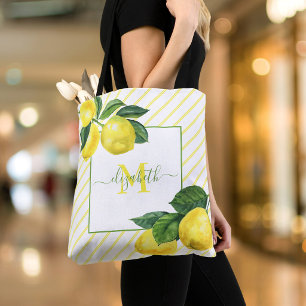 Bolsa Tote Monograma limões country watercolor listras rústic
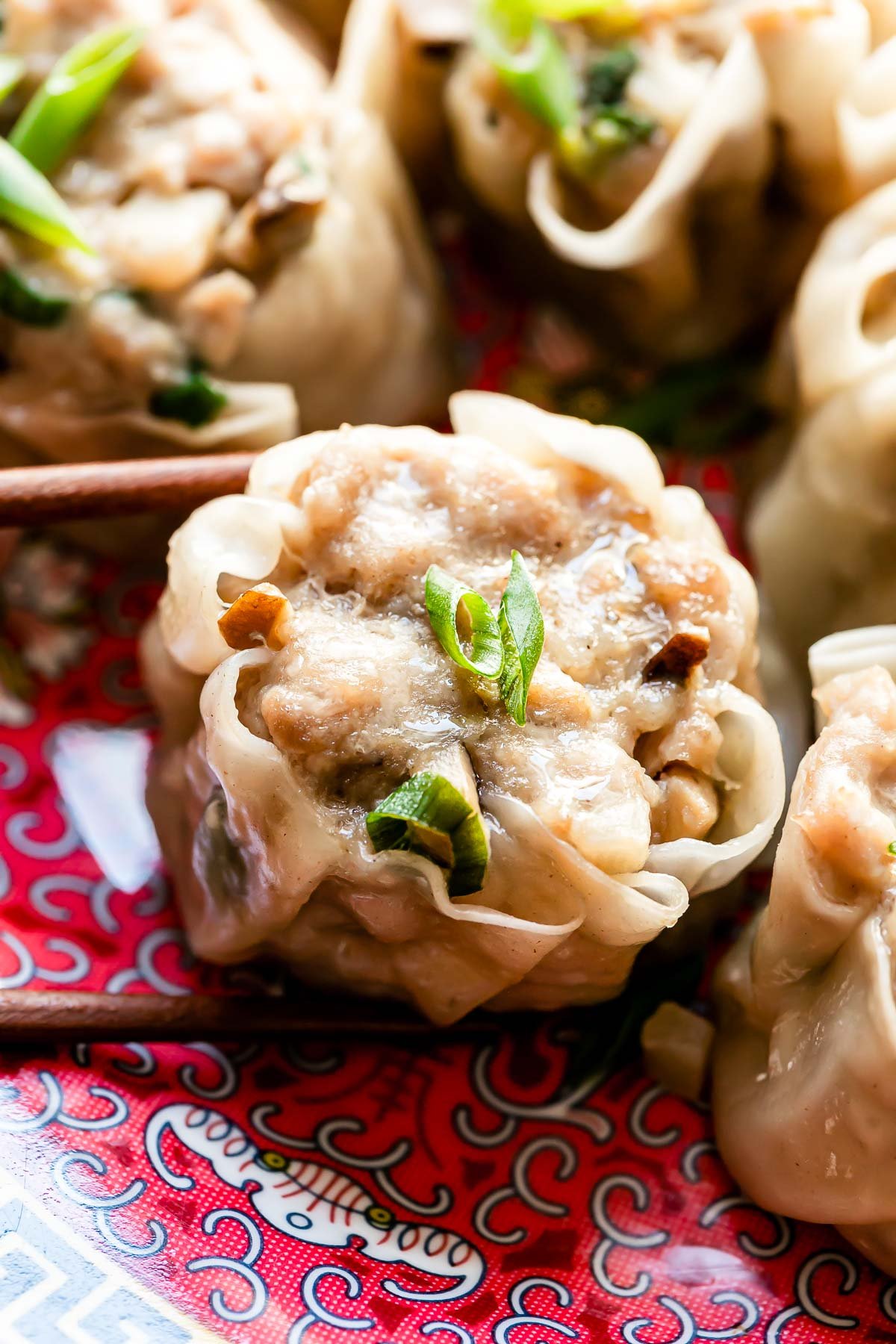A close up macro shot of shumai dumplings served atop a colorful platter. A pair of wooden chopsticks works to pick up one of the dumplings off of the platter and the dumplings have been garnished with sliced green onions.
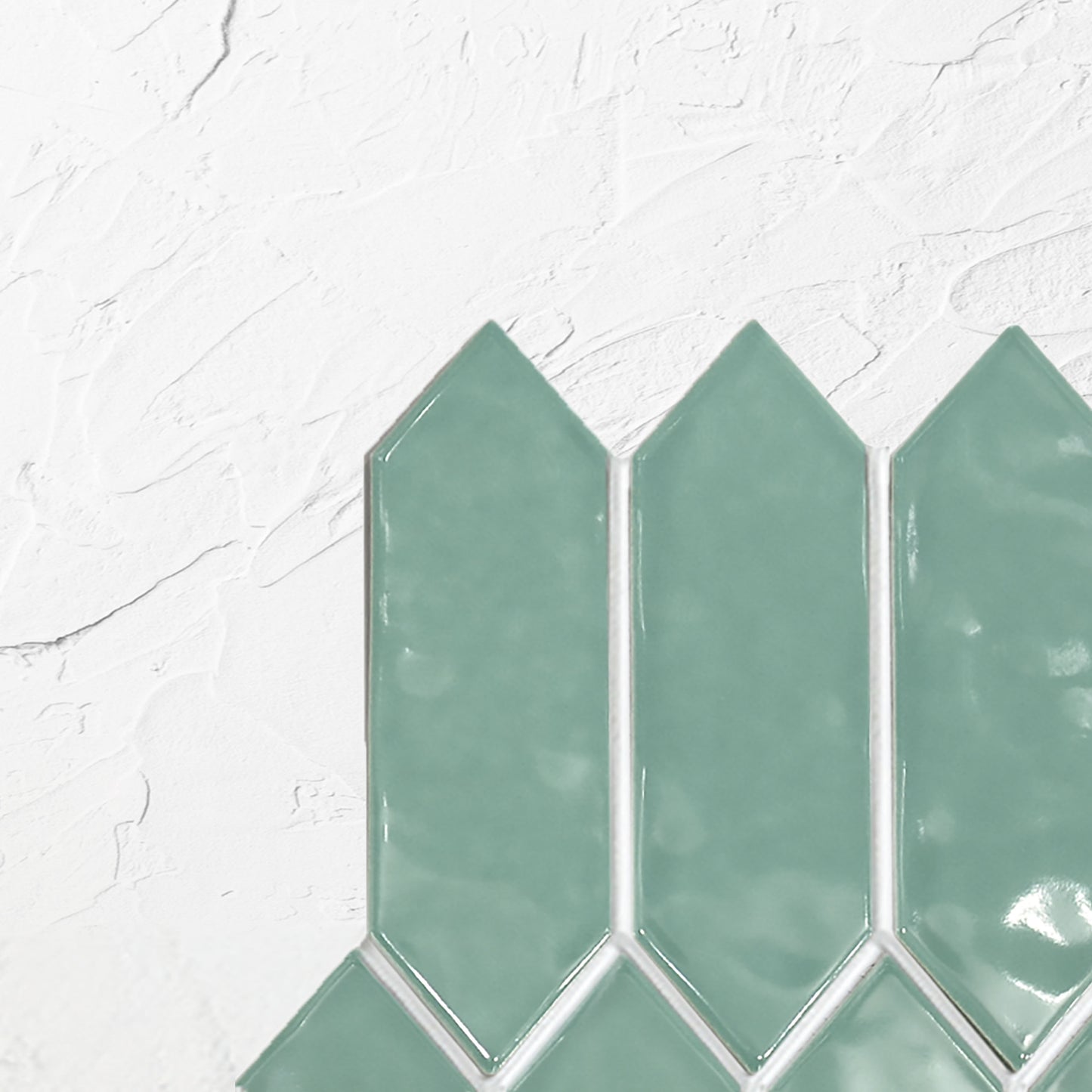 Dark Green Gloss Porcelain Glazed Ripple Surface Arrow 55x195mm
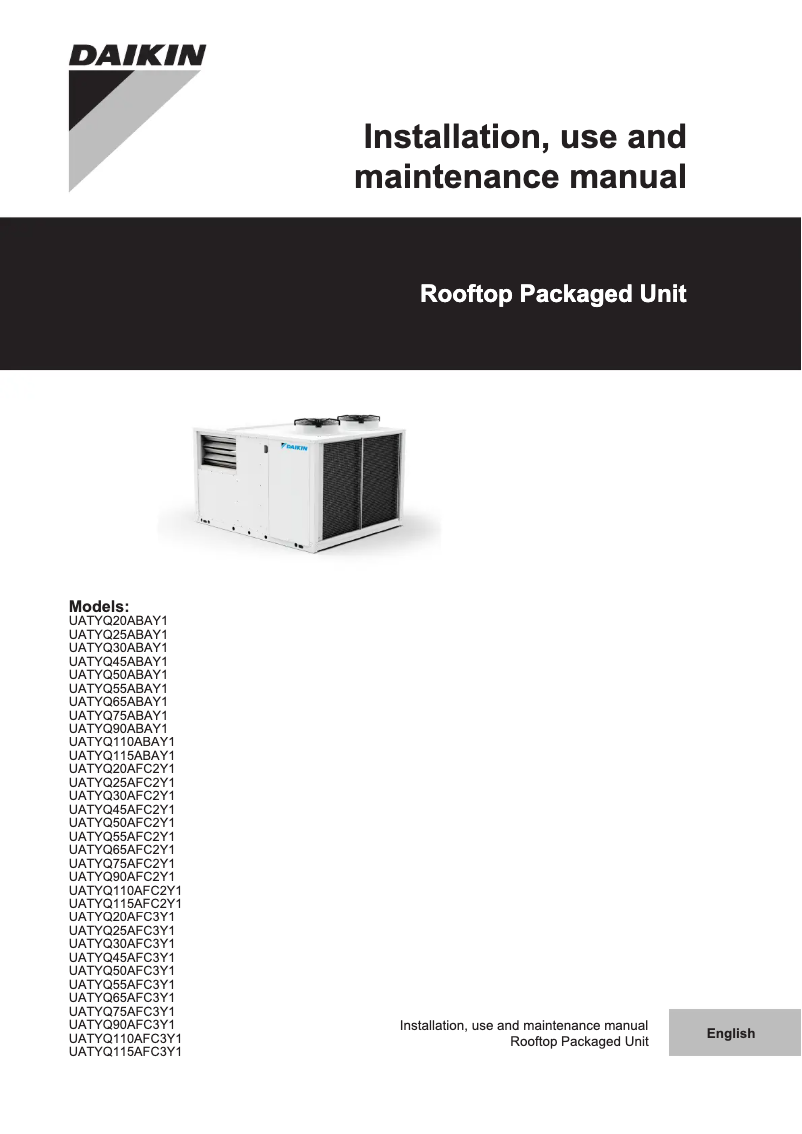 Page 1 de la notice Guide d'installation Daikin UATYQ115AFC2Y1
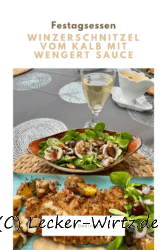 Winzerschnitzel vom Kalb mit Wengert Sauce, Rebknollenpfanne und herbstlichem Traubenlese-Salat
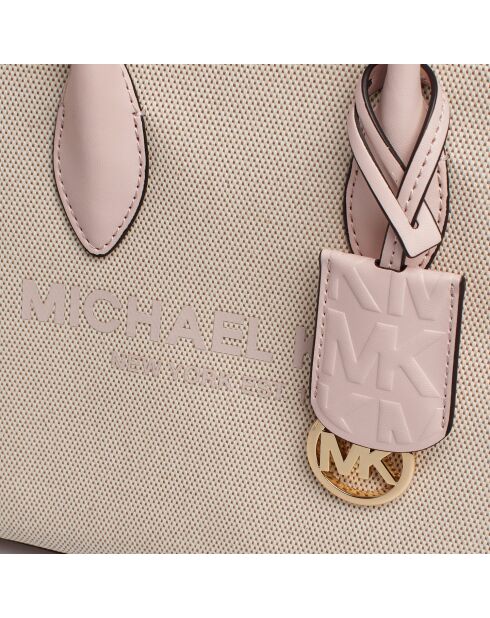 Bolso modelo pequeño Mirella Signature Logo rosa beige - 24x19x9,5 cm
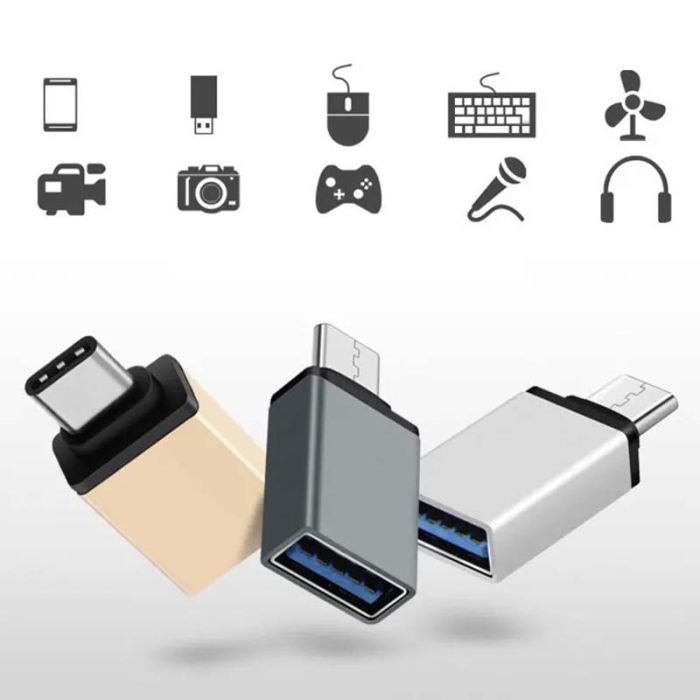 OTG перехідник USB Type-C - USB 3.0 адаптер Чорний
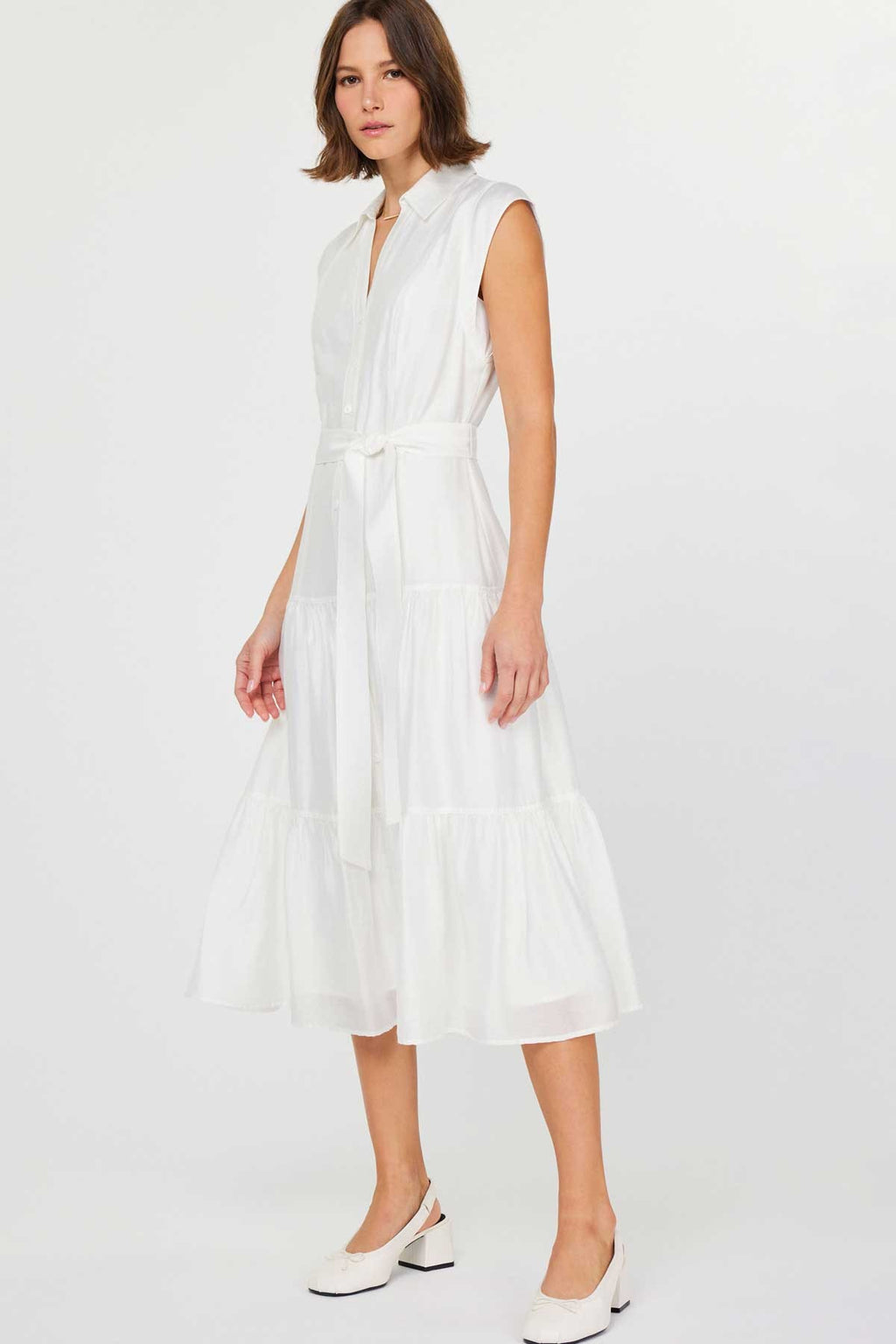 Tiered Button-Down Midi Dress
********
Only the pictures may be dropped; print every record exactly as given.

- RESULT OF THIS EXERCISE -
 Bolsa Tote Monograma limões country watercolor listras rústic
A close up macro shot of shumai dumplings served atop a colorful platter. A pair of wooden chopsticks works to pick up one of the dumplings off of the platter and the dumplings have been garnished with sliced green onions.
 Dark Green Gloss Porcelain Glazed Ripple Surface Arrow 55x195mm
 Page 1 de la notice Guide d'installation Daikin UATYQ115AFC2Y1
 Winzerschnitzel vom Kalb mit Wengert Sauce, Rebknollenpfanne und herbstlichem Traubenlese-Salat
 Bolso modelo pequeño Mirella Signature Logo rosa beige - 24x19x9,5 cm
 OTG перехідник USB Type-C - USB 3.0 адаптер Чорний
 Tiered Button-Down Midi Dress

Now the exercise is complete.